If a person with diabetes were to ask you how your project will help them in the future, how would you respond?
It has been only relatively recently discovered that large numbers of immune cells are present in the fat tissue of insulin resistant individuals. The vast majority of this work has been done in mouse models of obesity. Thus far, we know very little about whether or not these findings apply to humans. Our project is one of the first to study adipose tissue inflammation in men and women who are lean, obese, or morbidly obese, ranging in metabolic health from insulin sensitive to insulin resistant, and from glucose tolerant to diabetic. Learning more about the link between obesity and type 2 diabetes mellitus is of crucial importance to enable us and other researchers around the world to devise new prevention and treatment strategies, for example by testing new drugs that are more effective or have fewer side effects.

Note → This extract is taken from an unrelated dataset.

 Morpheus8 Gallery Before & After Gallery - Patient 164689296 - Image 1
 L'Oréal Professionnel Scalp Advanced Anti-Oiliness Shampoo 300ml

Why is it important for you, personally, to become involved in diabetes research? What role will this award play in your research efforts?
As many others, I have witnessed the numerous long-term health consequences this condition can have in several friends and family members. While it is always challenging to face a severe sickness or death of a loved-one, I find it particularly frustrating in the face of the fact that I strongly believe that type 2 diabetes could be completely prevented in the majority of cases. Already, we do know that preventing body weight gain is tremendously effective in lowering the risk of diabetes. However, the worldwide epidemic of obesity shows clearly that it is a challenge for many individuals to sustain a healthy body weight in an environment often characterized by a lack of physical activity and a ubiquitous availability of highly palatable, energy dense foods. As we see a dramatic rise in obesity not just among adults, but even children and teenagers, it will become critical to understand the mechanisms by which obesity leads to associated diseases such as type 2 diabetes.
Over the last year, we have completed two small pilot studies on the relationship between adipose tissue inflammation and insulin resistance in lean and obese men and women, with very promising results. This award by the American Diabetes Association will enable us to continue and expand this work immediately.
In what direction do you see the future of diabetes research going?
I can see two parallel developments. One is what is often referred to as 'individualized medicine', i.e. a treatment strategy that is tailored to an individual patient based on his or her genes and environmental exposures. While we are clearly not there yet, I believe that new high-throughput methods and dramatic reductions in the costs of technology in the research laboratory will enable us to move in that direction. Nevertheless, such therapies will be expensive, and I therefore strongly believe that preventive strategies for the major diseases such as diabetes mellitus will be urgently needed as well. Such preventive measures could be implemented on a population level, and would be associated with improvements in the health and well being of a large number of individuals, as well as potentially dramatic cost savings for our health care system. It is our belief that this project funded by the American Diabetes Association will make a long-term contribution to improve our approaches in both the treatment and prevention of type 2 diabetes.